1. Use beta1 = 0.8, beta2=0.6

**Activity: Write the above linear combination as Matrix vector product** 

**Activity: Create a new dataframe with synthetic feature column added and calculate variance of each column**

**Activity: How much of total variance is explained by synthetic feature**

Code this

**Activity: Add new synthetic features with different betas**

1. Create a new dataframe with features
2. Add synthetic feature as before (beta1=0.8, beta=0.6)
3. Add synthetic features for different betas
4. beta1=0.6, 0.98, 0.2, beta2=0.8, 0.2, 0.98 for DBP and SBP resepctively

In [None]:
cov_mat = df_features.cov()

# Watch out. If you are using numpy for calculating covariance matrix,
# then you have to first take a transpose data matrix
# It is pretty wierd. But it is what it is. :-(
# cov_mat = np.cov(df_features.to_numpy().T)

cov_mat

In [None]:
correl_mat = df_features.corr()
correl_mat

In [None]:
eigen_vals, eigen_vecs = np.linalg.eig(cov_mat)

In [None]:
eigen_vals

In [None]:
eigen_vecs

In [None]:
eigen_vecs[0] #this is not eigen vec 1

In [None]:
eigen_vecs[:, 0] # this is eigen vec 1

In [None]:
X = df_features.to_numpy()
v1 = eigen_vecs[:, 0]
v2 = eigen_vecs[:, 1]

**Matrix-Vector multiplication as vector of projections**

In [None]:
# Xv1 gives PC1
# It gives the vector formed whose individual entries are 
# projection of individual records onto the direction of v1 
PC1 = np.matmul(X, v1)
PC1

In [None]:
# Xv2 gives PC2
# It gives the vector formed whose individual entries are 
# projection of individual records onto the direction of v2
PC2 = np.matmul(X, v2)
PC2

**Viewing Vx1 (Multiplying a record vector with Eigen matrix) as change of basis**

In [None]:
# Make Eigen Matrix
V = np.array([v1, v2])
V

In [None]:
val_in_std_basis = X[0,:]
print(f"val_in_std_basis= {val_in_std_basis}")

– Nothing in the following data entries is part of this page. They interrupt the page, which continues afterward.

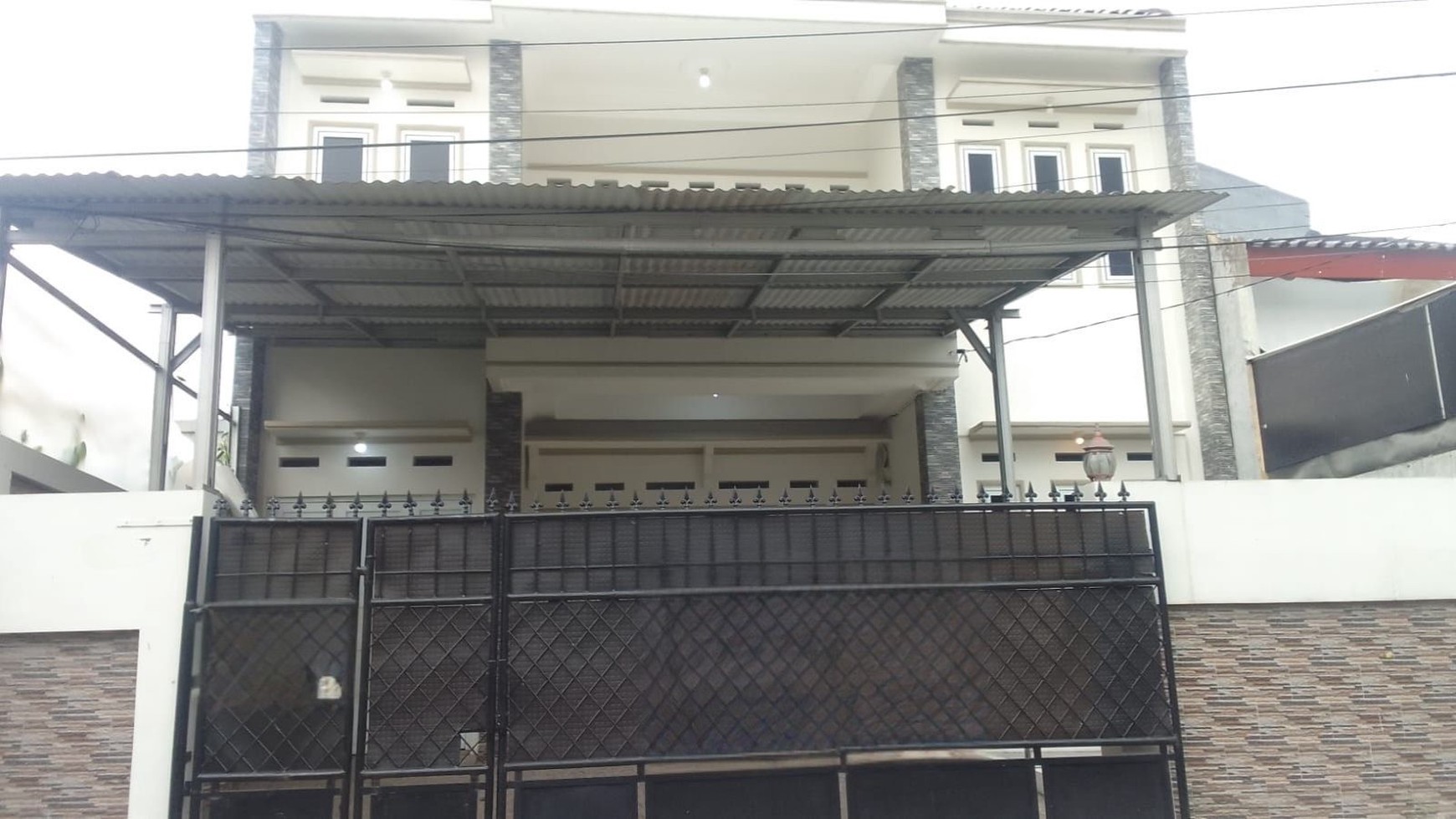 Rumah 2 Lantai Cantik Dan Terawat Baik Di Kavling DKI Cipedak, Jagakarsa, Dan Hanya 10 Menit Ke Tol Gandul & Kukusan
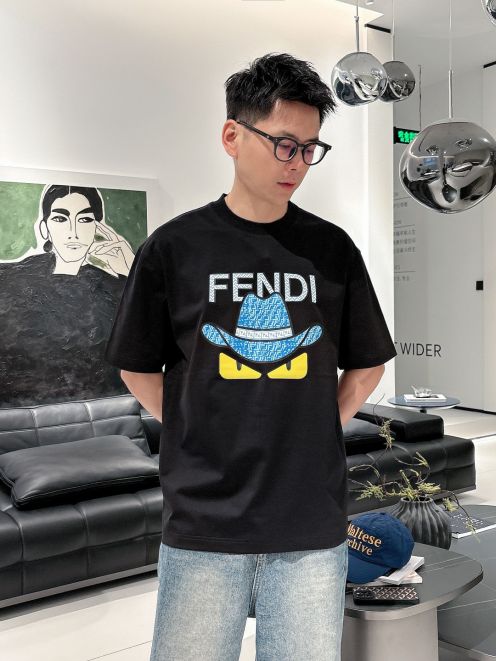 fendi ワイシャツ メンズスーパーコピー 夏服 シンプル  純綿Tシャツ トップス プリント 柔軟 ブラック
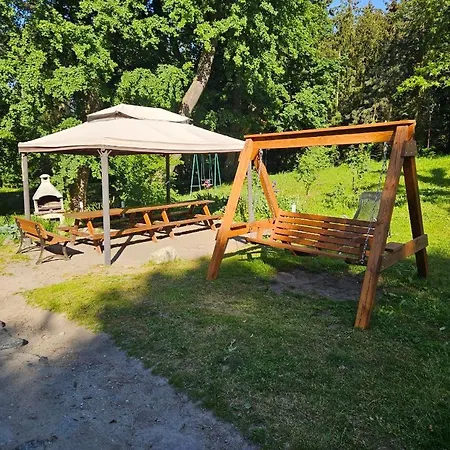 Dwor Jeziory Wielkie Exterior photo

val_in_eigen_basis = np.matmul(V, val_in_std_basis)
print(f"val_in_eigen_basis= {val_in_eigen_basis}")

**Summary**

Matrix Vector product can be viewed in 4-5 ways from a ML and data science perspective. 
1. Projection of the dataset record onto a vector
2. Linear combination of features
3. Change of basis: What are the new coordinates of a record vector when viewed from a new basis (This could be Eigen basis or any other basis)
4. Matrix is a linear transformation applied to vector (And a special case is Eigen vector transformation)

There are 2-3+ more ways of looking at it (in future)
1. Row picture
2. Reduced dimension linear combination of archetype
3. Spectral addition over low rank matrices

**Dot product of vectors**
$$
    a^Tb = \|a\| \|b\| cos\theta
$$

In [None]:
# Dot product of standard unit vectors e1 and e2
e1 = np.array([1,0,0])
e2 = np.array([0,1,0])
np.dot(e1, e2)

In [None]:
# Dot products of eigen vectors
np.dot(v1, v2)